Data supplied below:

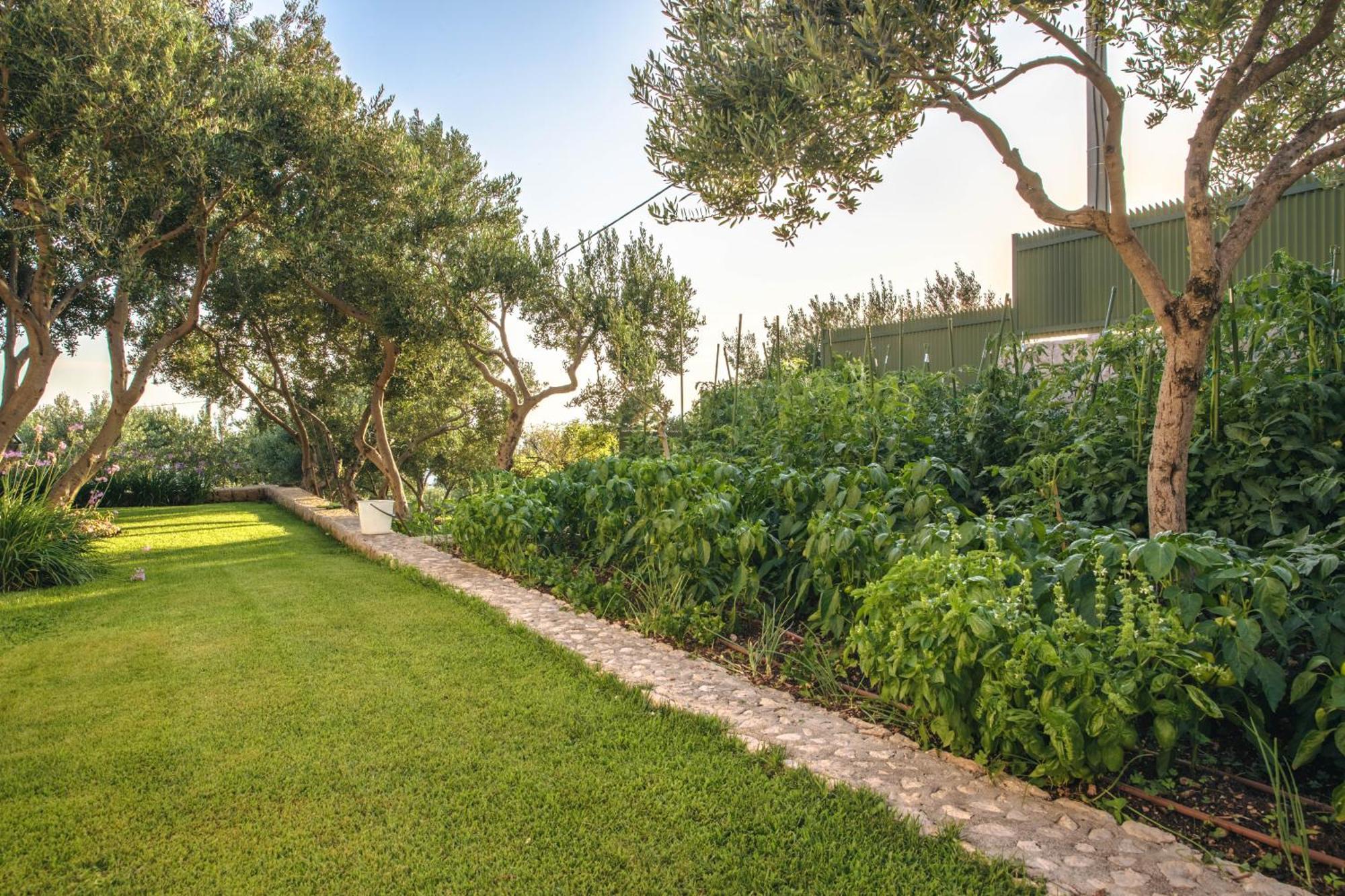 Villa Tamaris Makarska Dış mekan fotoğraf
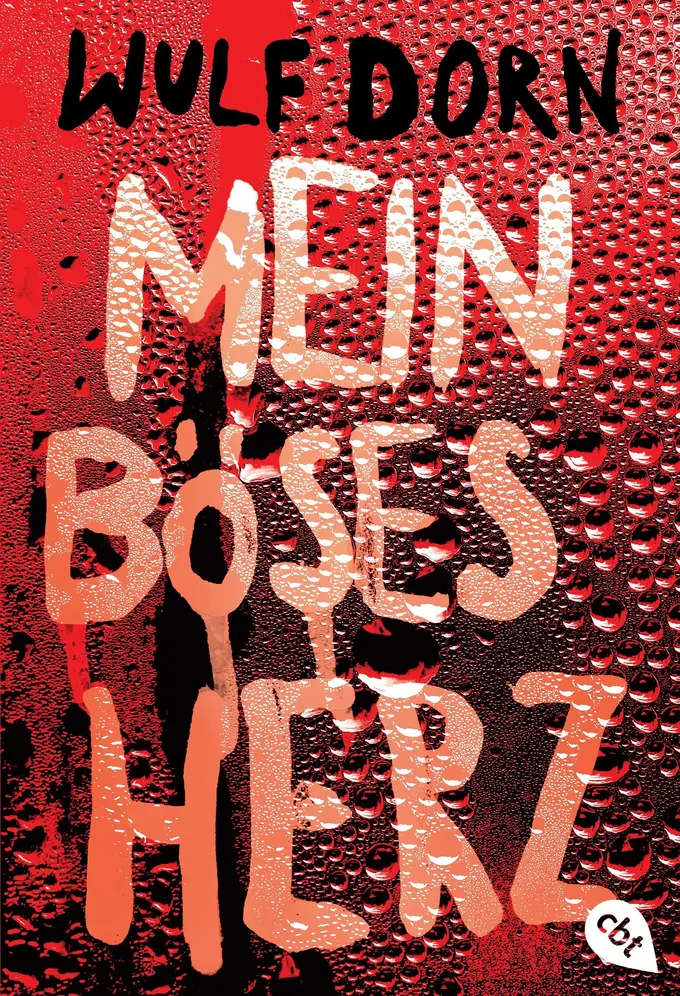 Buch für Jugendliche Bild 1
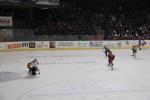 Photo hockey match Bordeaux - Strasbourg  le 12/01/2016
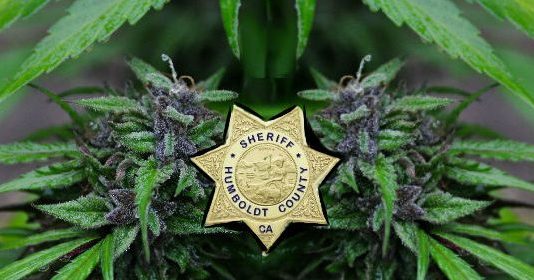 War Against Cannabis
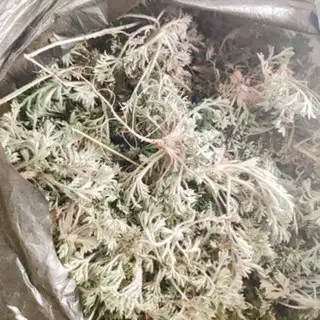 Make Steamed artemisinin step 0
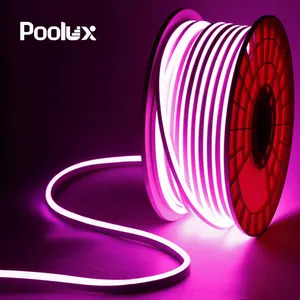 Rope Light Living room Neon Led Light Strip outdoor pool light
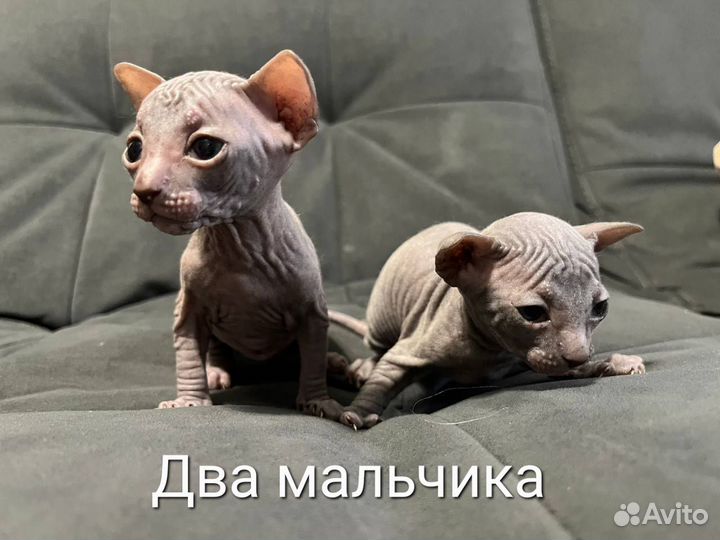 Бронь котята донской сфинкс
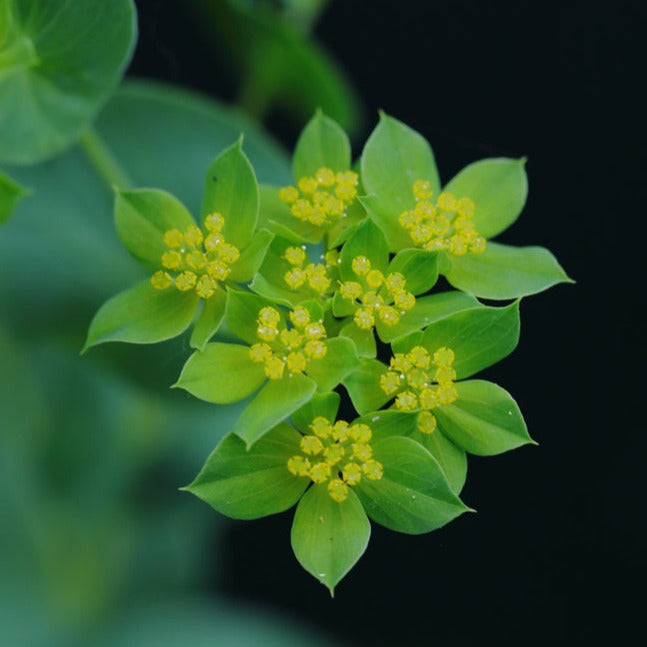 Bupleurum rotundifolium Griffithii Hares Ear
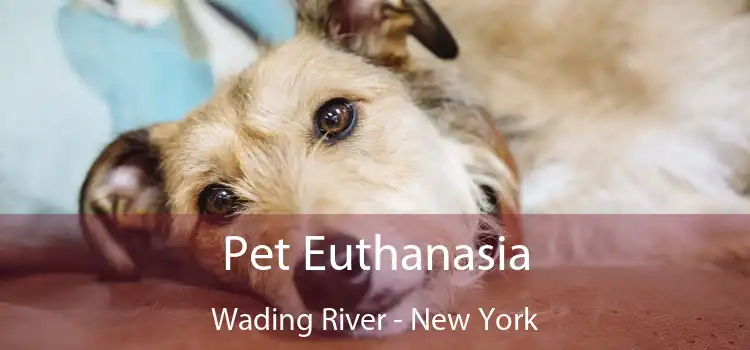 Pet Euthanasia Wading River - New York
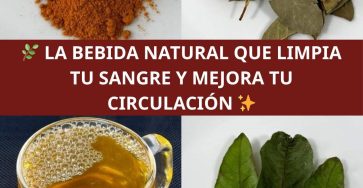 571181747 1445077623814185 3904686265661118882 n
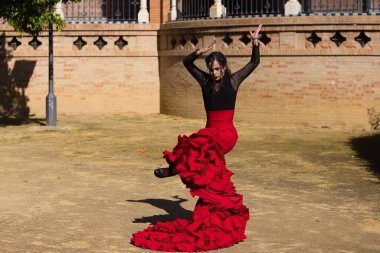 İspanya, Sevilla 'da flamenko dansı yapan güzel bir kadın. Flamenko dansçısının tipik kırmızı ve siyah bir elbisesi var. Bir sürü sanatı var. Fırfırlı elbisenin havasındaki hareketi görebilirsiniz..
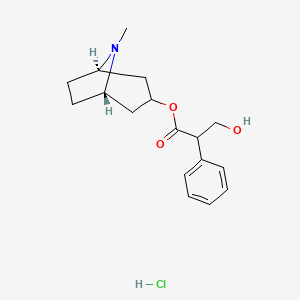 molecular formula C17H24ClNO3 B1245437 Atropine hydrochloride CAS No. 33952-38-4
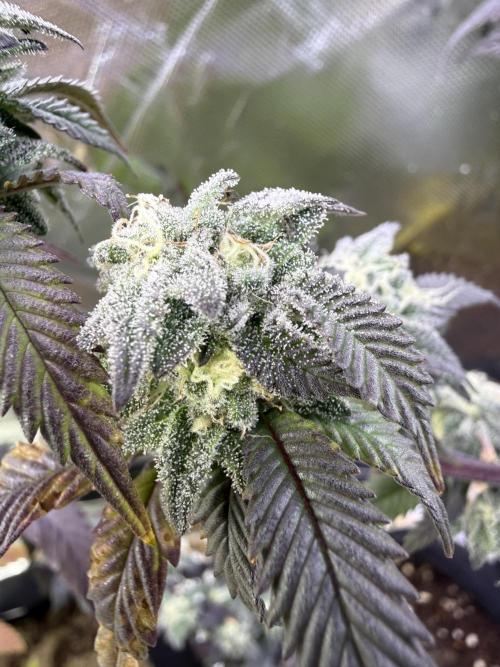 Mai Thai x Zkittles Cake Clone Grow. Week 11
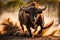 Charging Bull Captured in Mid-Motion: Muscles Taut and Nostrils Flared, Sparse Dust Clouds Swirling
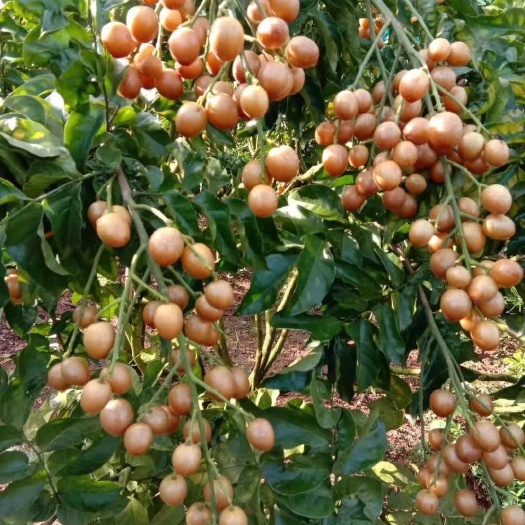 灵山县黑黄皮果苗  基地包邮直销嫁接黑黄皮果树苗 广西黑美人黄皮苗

End of Data supplied.

Work task:
Every entry above should be written out again verbatim, with no pictures included.

Result of the task:
 Villa Tamaris Makarska Dış mekan fotoğraf
 Buch für Jugendliche Bild 1
 Photo hockey match Bordeaux - Strasbourg  le 12/01/2016
 War Against Cannabis
 Make Steamed artemisinin step 0
 Rope Light Living room Neon Led Light Strip outdoor pool light
 Бронь котята донской сфинкс
 Bupleurum rotundifolium Griffithii Hares Ear
 Pet Euthanasia Wading River - New York
 571181747 1445077623814185 3904686265661118882 n
 İspanya, Sevilla 'da flamenko dansı yapan güzel bir kadın. Flamenko dansçısının tipik kırmızı ve siyah bir elbisesi var. Bir sürü sanatı var. Fırfırlı elbisenin havasındaki hareketi görebilirsiniz..
 molecular formula C17H24ClNO3 B1245437 Atropine hydrochloride CAS No. 33952-38-4
 Mai Thai x Zkittles Cake Clone Grow. Week 11
 Charging Bull Captured in Mid-Motion: Muscles Taut and Nostrils Flared, Sparse Dust Clouds Swirling
 灵山县黑黄皮果苗  基地包邮直销嫁接黑黄皮果树苗 广西黑美人黄皮苗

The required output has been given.